Give every line of the data again, unchanged, but with no pictures.

================

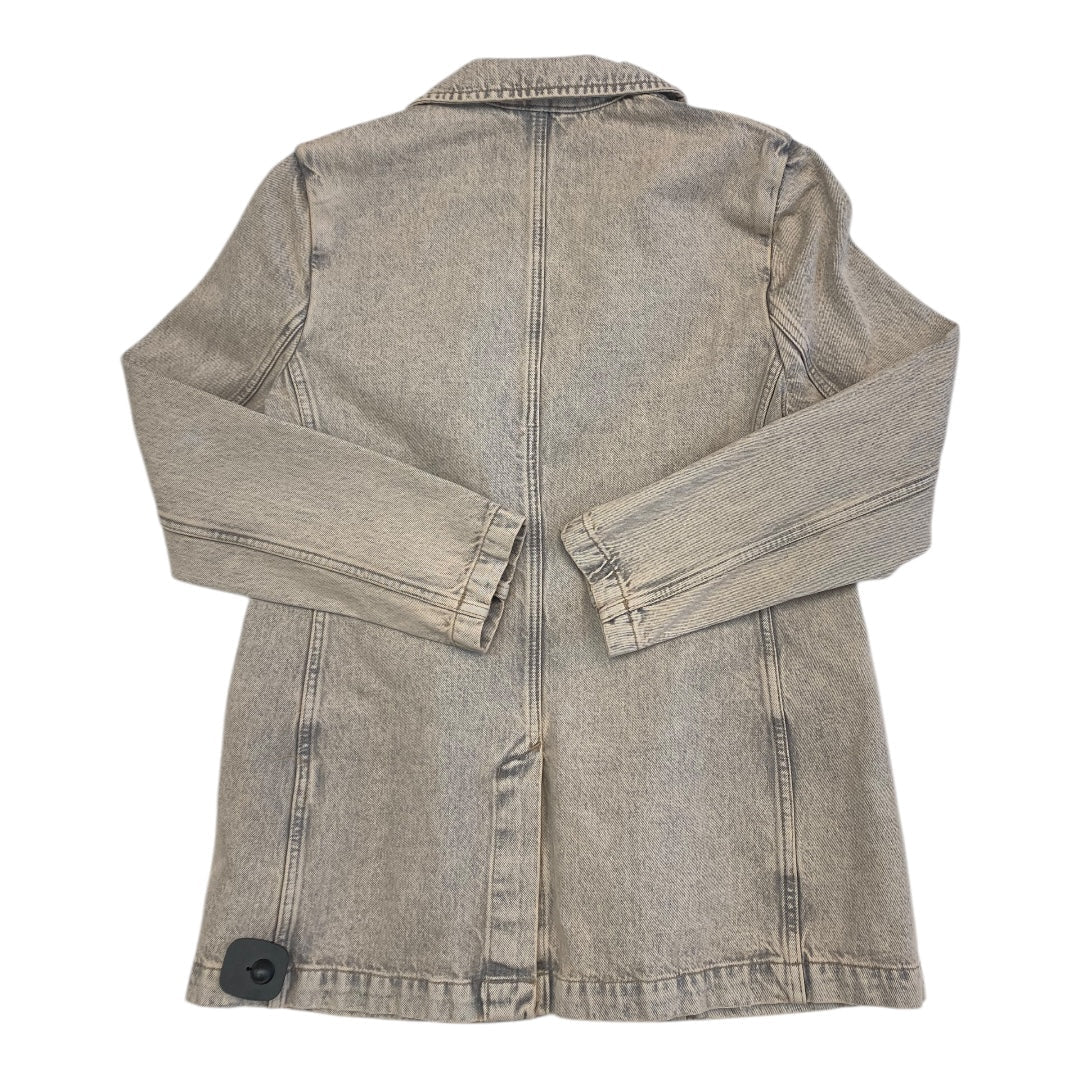 Jacket Luxury Designer By All Saints In Grey, Size:6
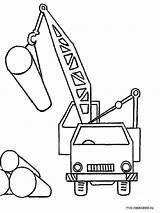 Crane Coloring Pages Hoisting Printable sketch template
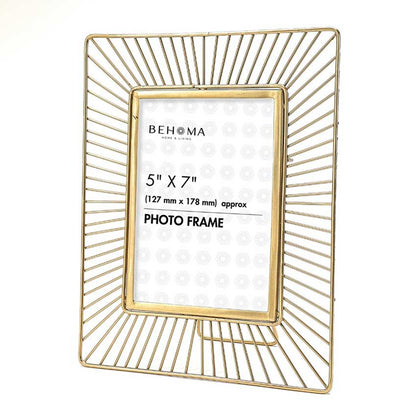 Elegant Design Golden Sun Ray Photo Frame | 5 x 7 inches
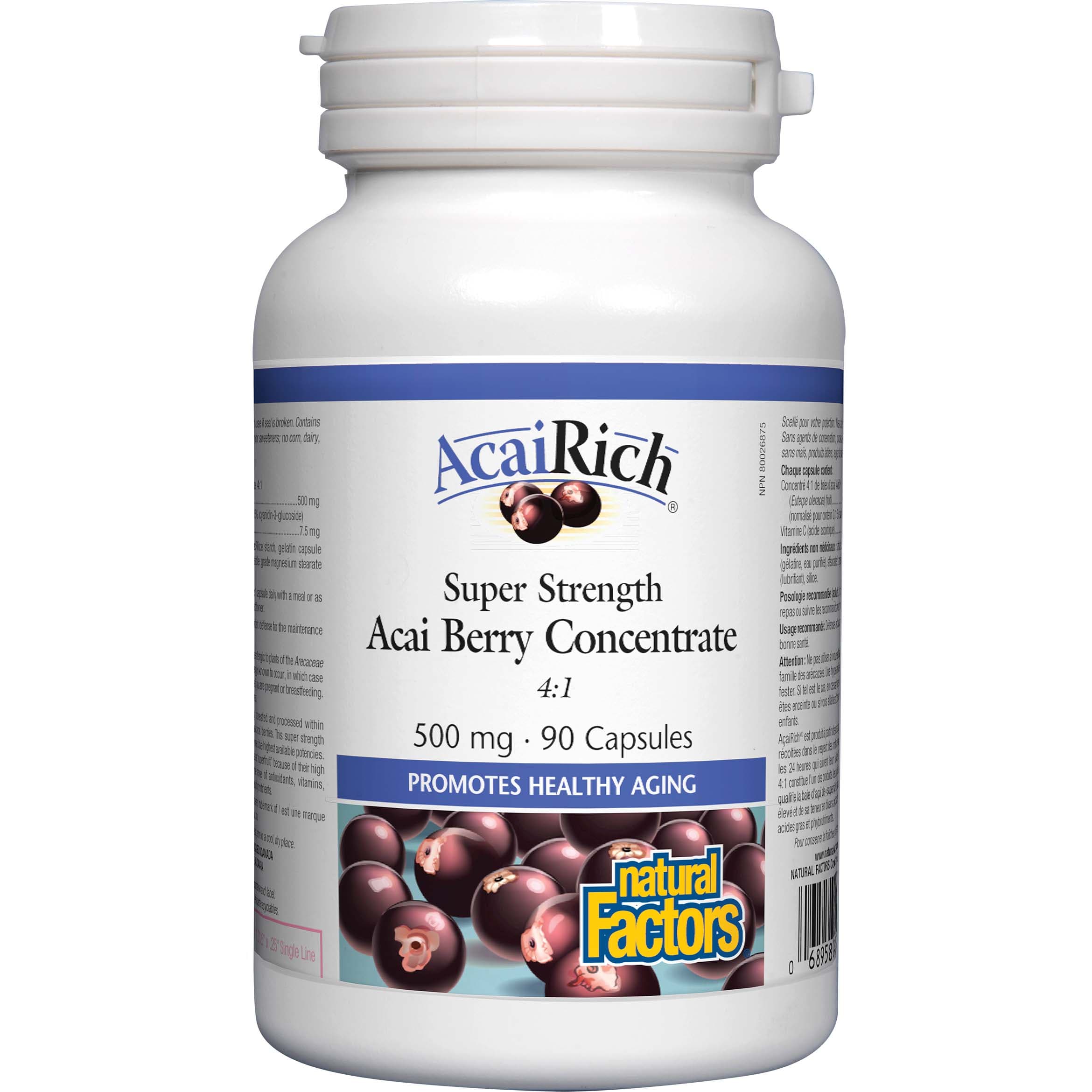 Natural Factors Super Strength Acai Berry Concentrate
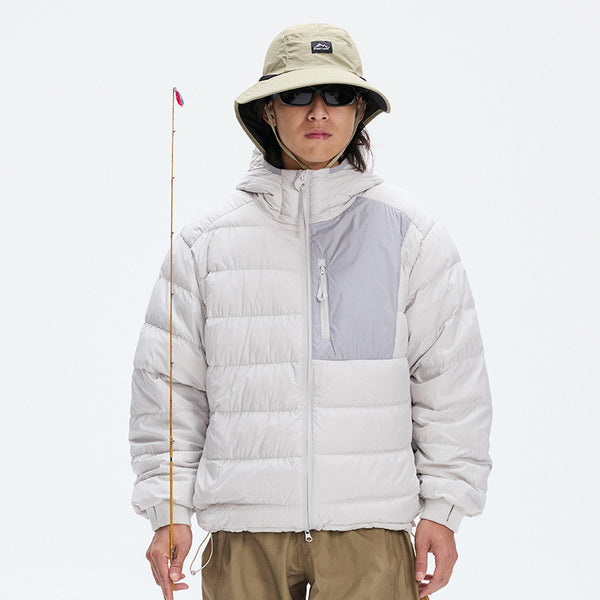 Chaqueta de Plumón Retro para Escalada - Estilo Casual Hombre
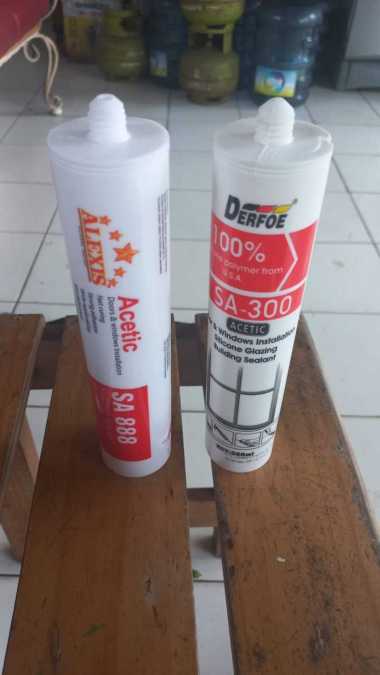 Lem Aquarium / Akrilik / Lem Kaca / Lem Silicon Sealant Tube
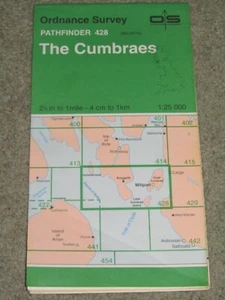 Ordnance Survey Pathfinder map sheet 428 (NS 05/15) The Cumbraes - 1985 - Imagen 1 de 2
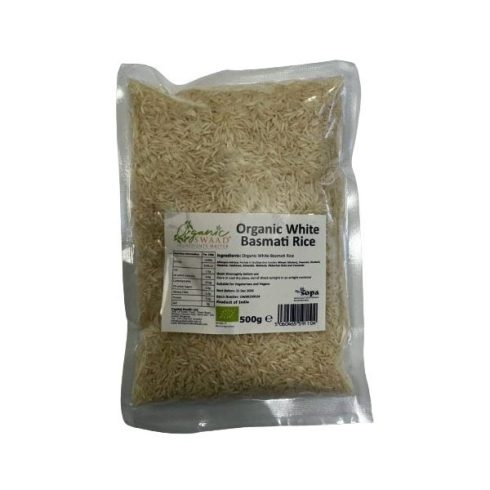 Organic Swaad White Basmati Rice 500g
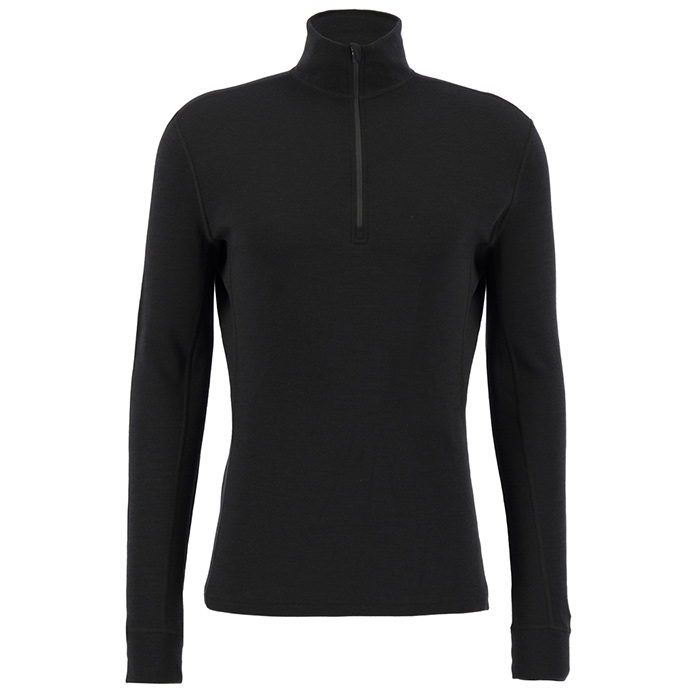 Ulvang Thermo   Half Zip Herre   Mænd  Black Xl   Undertøj
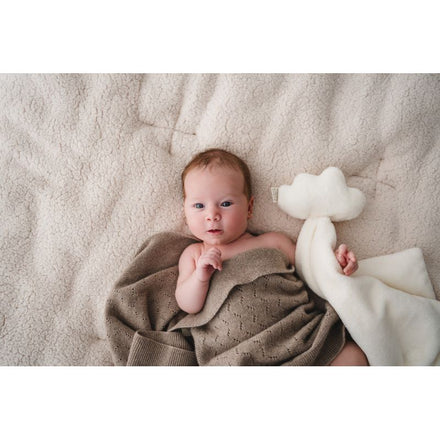 Babyshower Knuffeldoekje Nuvole Bamboo Touch, tweede sfeerbeeld van het knuffeldoekje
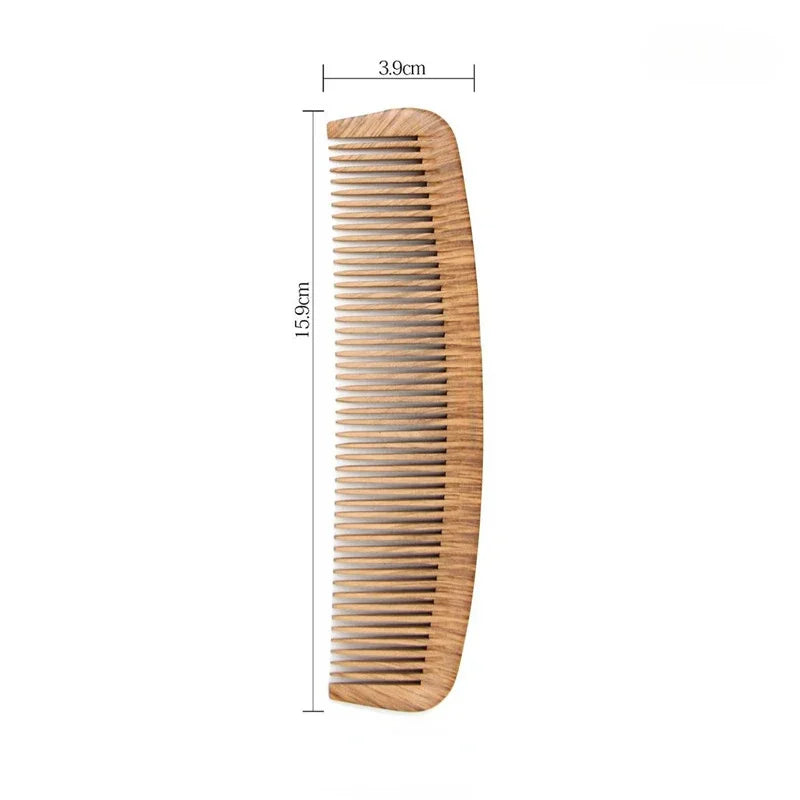Natural Pear Blossom Comb Smooth Comb Scalp Massage Anti Tangling Bamboo Wood Comb Anti Tangling Static Hair Brush Salon Tool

================

- [Answer section]
 Jacket Luxury Designer By All Saints In Grey, Size:6
 Crane Coloring Pages Hoisting Printable sketch template
 Elegant Design Golden Sun Ray Photo Frame | 5 x 7 inches
 Natural Factors Super Strength Acai Berry Concentrate
 Chaqueta de Plumón Retro para Escalada - Estilo Casual Hombre
 Lem Aquarium / Akrilik / Lem Kaca / Lem Silicon Sealant Tube
 Ordnance Survey Pathfinder map sheet 428 (NS 05/15) The Cumbraes - 1985 - Imagen 1 de 2
 Organic Swaad White Basmati Rice 500g
 Ulvang Thermo   Half Zip Herre   Mænd  Black Xl   Undertøj
 Babyshower Knuffeldoekje Nuvole Bamboo Touch, tweede sfeerbeeld van het knuffeldoekje
Natural Pear Blossom Comb Smooth Comb Scalp Massage Anti Tangling Bamboo Wood Comb Anti Tangling Static Hair Brush Salon Tool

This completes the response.